Top of SOURCE DATA
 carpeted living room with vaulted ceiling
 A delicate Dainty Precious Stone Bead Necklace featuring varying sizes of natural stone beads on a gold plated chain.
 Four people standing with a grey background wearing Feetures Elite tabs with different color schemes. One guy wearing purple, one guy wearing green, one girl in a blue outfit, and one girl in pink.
Bottom of SOURCE DATA
Top of SOURCE DATA
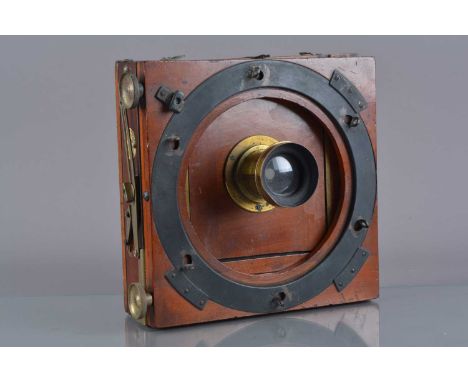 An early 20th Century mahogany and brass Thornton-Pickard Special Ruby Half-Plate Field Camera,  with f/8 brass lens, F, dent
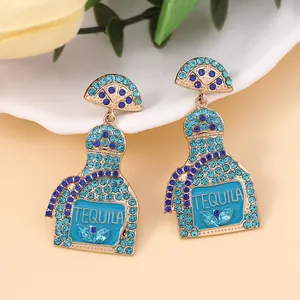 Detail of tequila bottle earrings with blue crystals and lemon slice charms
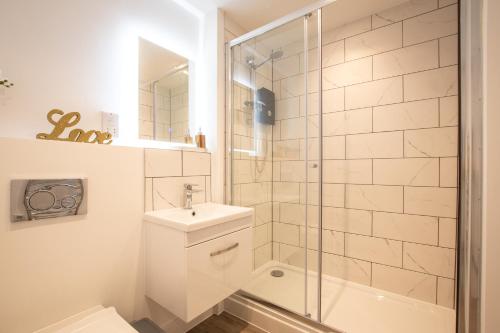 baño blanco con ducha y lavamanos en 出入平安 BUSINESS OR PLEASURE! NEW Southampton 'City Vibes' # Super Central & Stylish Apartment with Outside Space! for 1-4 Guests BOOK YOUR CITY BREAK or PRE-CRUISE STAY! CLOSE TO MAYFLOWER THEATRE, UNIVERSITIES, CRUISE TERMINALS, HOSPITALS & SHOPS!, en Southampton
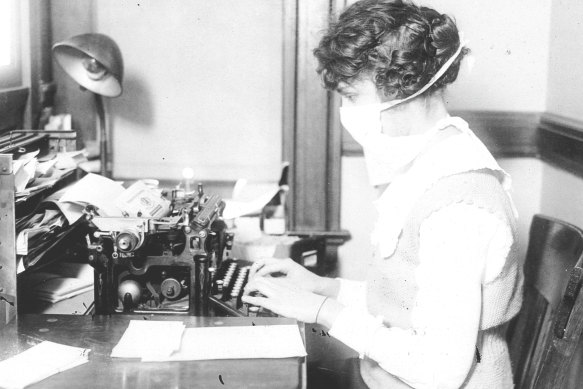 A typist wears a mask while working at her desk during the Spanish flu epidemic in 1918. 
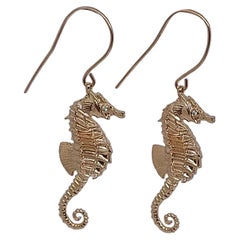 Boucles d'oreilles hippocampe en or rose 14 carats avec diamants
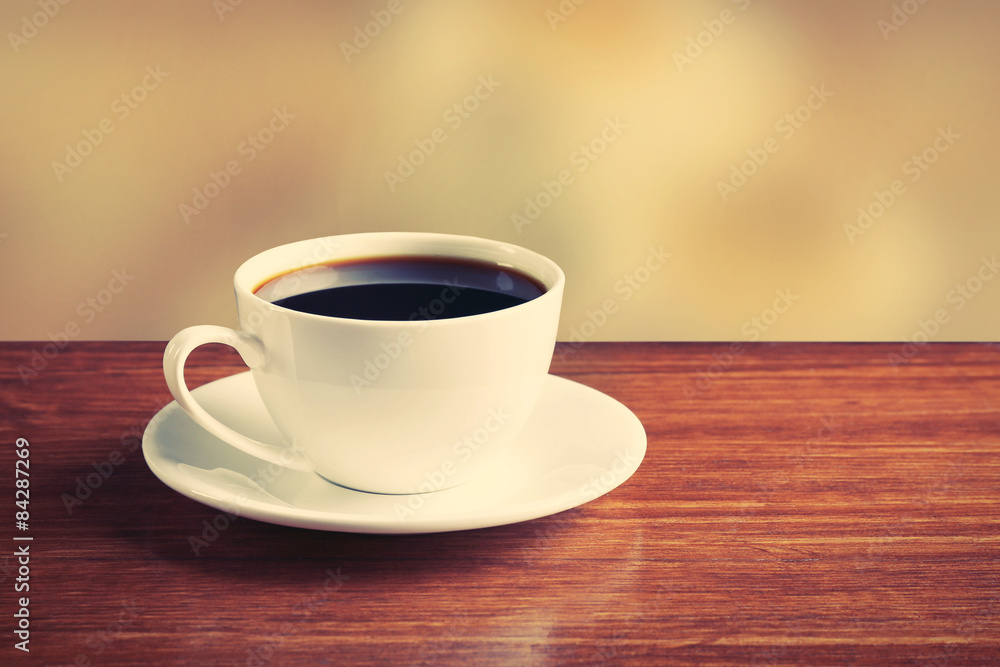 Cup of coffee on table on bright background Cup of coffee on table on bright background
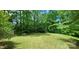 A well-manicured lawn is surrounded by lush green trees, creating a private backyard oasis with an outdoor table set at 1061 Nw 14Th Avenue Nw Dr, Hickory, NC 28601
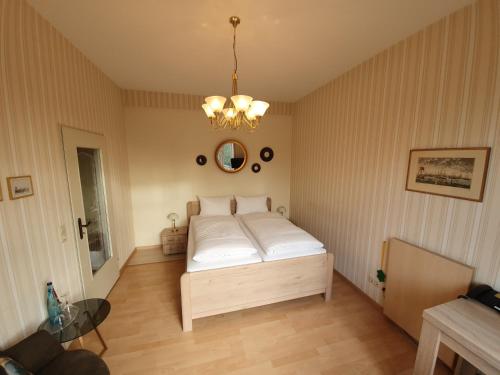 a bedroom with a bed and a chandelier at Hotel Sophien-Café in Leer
Bottom of SOURCE DATA
## TASK
Output exactly the lines of the listing above that start with the one holding "Cup of coffee on table on bright background Cup" and go on through the one holding "a bedroom with"; leave the pictures out.

## REPLY
 Cup of coffee on table on bright background Cup of coffee on table on bright background
 A well-manicured lawn is surrounded by lush green trees, creating a private backyard oasis with an outdoor table set at 1061 Nw 14Th Avenue Nw Dr, Hickory, NC 28601
 a bedroom with a bed and a chandelier at Hotel Sophien-Café in Leer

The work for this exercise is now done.